* [Exercise]
A line containing "Hello friends! Nice" appears in the material below. Return exactly every line from the first through that one, and only those.

* [Input records]
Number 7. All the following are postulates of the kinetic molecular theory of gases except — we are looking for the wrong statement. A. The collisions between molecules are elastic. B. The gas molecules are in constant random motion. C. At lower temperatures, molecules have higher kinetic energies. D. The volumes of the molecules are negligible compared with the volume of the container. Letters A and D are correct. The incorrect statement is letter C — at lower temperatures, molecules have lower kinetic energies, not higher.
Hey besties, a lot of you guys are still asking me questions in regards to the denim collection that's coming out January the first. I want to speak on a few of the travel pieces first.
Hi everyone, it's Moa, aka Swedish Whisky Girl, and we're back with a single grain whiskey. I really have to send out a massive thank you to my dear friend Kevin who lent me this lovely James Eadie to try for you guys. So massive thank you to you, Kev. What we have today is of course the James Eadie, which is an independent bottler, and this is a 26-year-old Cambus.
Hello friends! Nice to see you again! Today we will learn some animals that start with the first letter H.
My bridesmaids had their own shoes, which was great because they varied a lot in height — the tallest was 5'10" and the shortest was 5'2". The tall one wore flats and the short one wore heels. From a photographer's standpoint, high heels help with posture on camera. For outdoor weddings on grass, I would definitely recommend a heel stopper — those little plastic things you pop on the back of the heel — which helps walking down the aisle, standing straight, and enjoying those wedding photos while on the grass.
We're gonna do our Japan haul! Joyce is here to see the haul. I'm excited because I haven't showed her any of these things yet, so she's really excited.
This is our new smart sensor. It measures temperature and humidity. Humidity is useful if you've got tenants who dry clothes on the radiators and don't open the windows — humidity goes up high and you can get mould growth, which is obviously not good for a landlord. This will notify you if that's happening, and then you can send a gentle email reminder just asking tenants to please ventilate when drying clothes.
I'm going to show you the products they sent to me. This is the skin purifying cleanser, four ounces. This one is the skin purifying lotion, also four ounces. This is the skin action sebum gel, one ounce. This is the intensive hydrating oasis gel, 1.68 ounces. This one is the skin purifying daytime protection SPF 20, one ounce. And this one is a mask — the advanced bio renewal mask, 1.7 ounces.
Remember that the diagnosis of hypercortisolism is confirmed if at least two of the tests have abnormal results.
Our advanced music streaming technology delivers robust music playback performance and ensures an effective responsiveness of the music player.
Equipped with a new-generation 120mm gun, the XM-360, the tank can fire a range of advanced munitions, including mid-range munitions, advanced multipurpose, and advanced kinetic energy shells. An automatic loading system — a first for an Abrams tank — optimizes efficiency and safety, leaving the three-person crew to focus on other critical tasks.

* [Task output]
Number 7. All the following are postulates of the kinetic molecular theory of gases except — we are looking for the wrong statement. A. The collisions between molecules are elastic. B. The gas molecules are in constant random motion. C. At lower temperatures, molecules have higher kinetic energies. D. The volumes of the molecules are negligible compared with the volume of the container. Letters A and D are correct. The incorrect statement is letter C — at lower temperatures, molecules have lower kinetic energies, not higher.
Hey besties, a lot of you guys are still asking me questions in regards to the denim collection that's coming out January the first. I want to speak on a few of the travel pieces first.
Hi everyone, it's Moa, aka Swedish Whisky Girl, and we're back with a single grain whiskey. I really have to send out a massive thank you to my dear friend Kevin who lent me this lovely James Eadie to try for you guys. So massive thank you to you, Kev. What we have today is of course the James Eadie, which is an independent bottler, and this is a 26-year-old Cambus.
Hello friends! Nice to see you again! Today we will learn some animals that start with the first letter H.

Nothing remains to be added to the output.